* Prompt *
Line by line, give the data again exactly as it appears, but without pictures.

* Data shown *
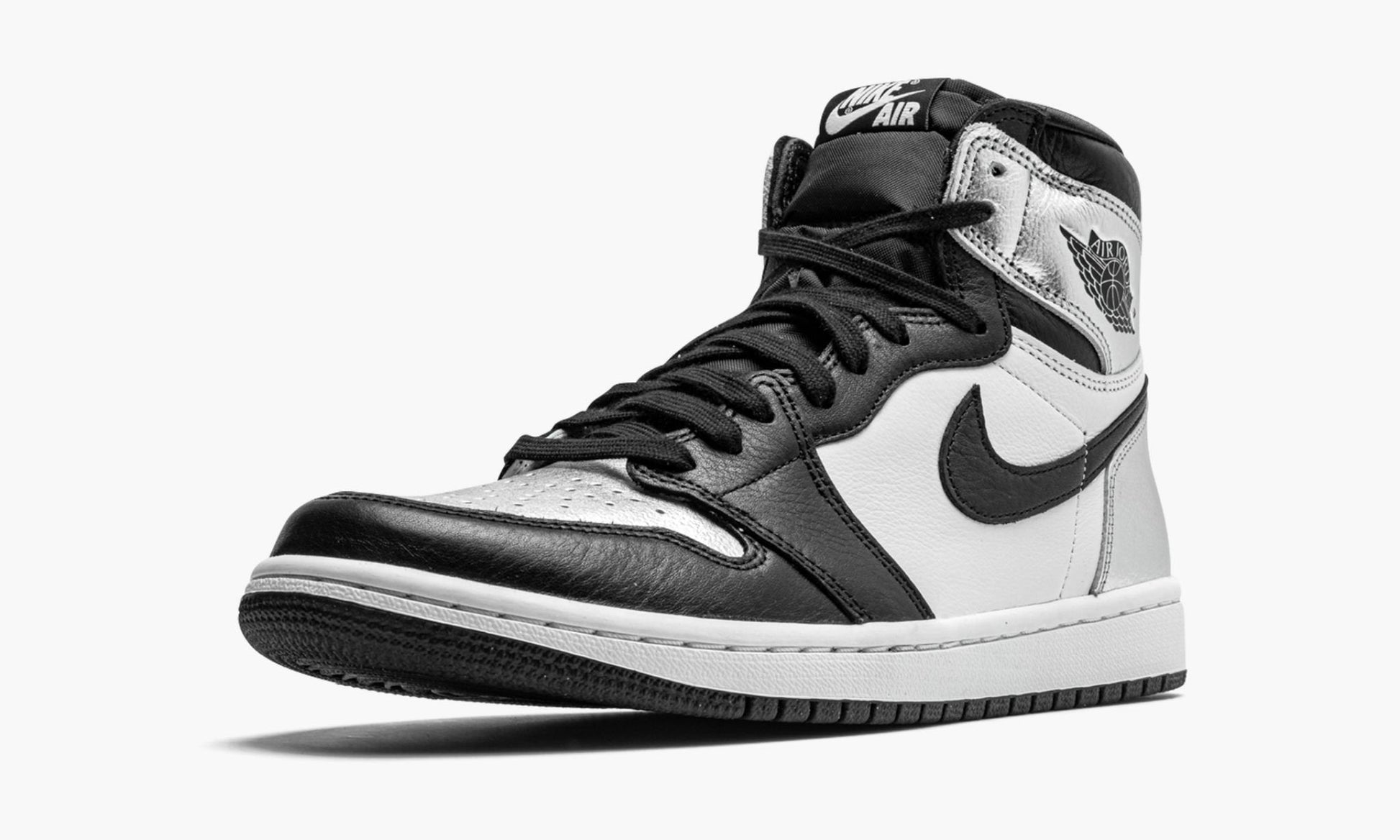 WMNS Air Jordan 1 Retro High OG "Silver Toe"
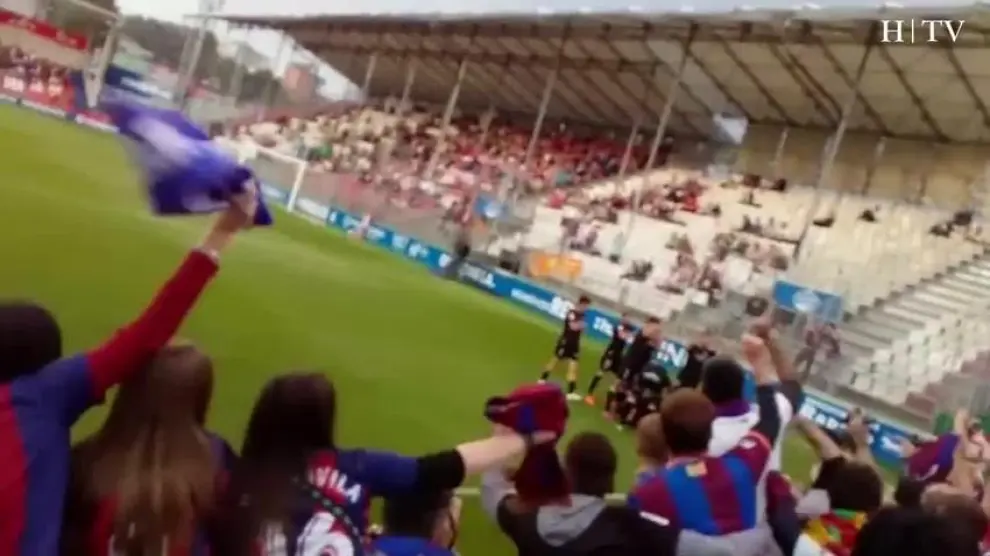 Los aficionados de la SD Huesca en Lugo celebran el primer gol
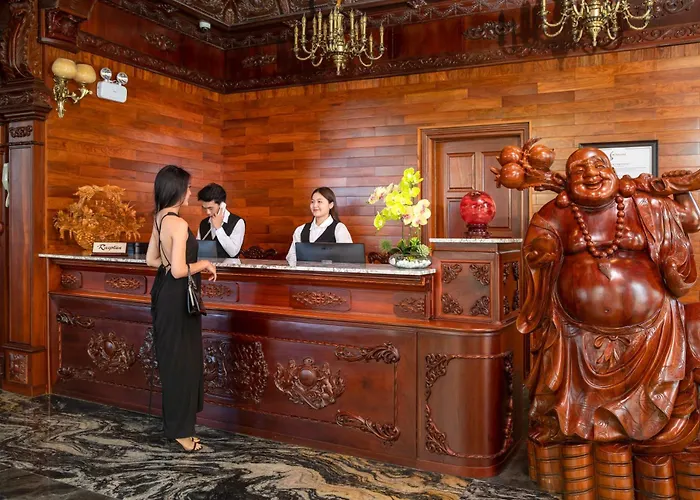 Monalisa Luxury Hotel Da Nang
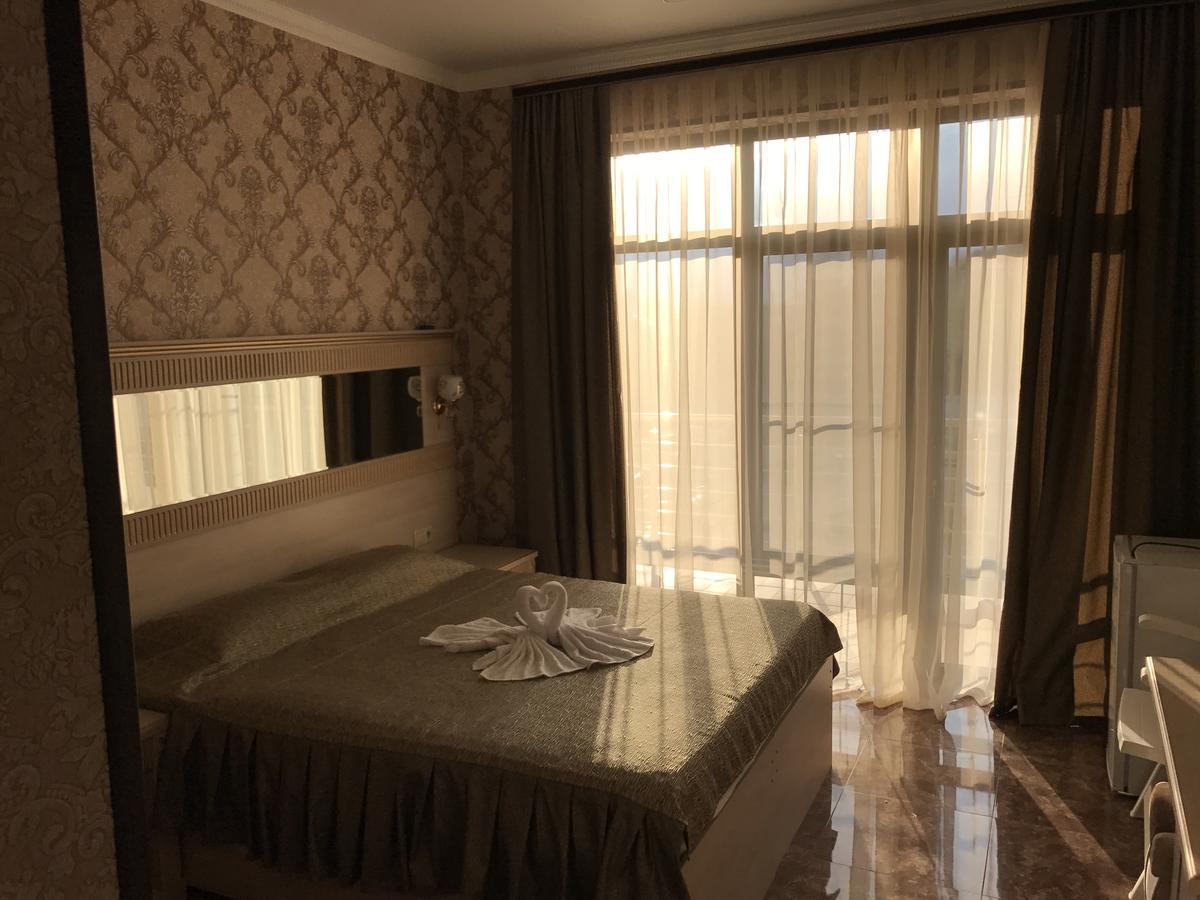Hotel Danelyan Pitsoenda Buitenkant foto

* Task response *
 WMNS Air Jordan 1 Retro High OG "Silver Toe"
 Los aficionados de la SD Huesca en Lugo celebran el primer gol
 Monalisa Luxury Hotel Da Nang
Hotel Danelyan Pitsoenda Buitenkant foto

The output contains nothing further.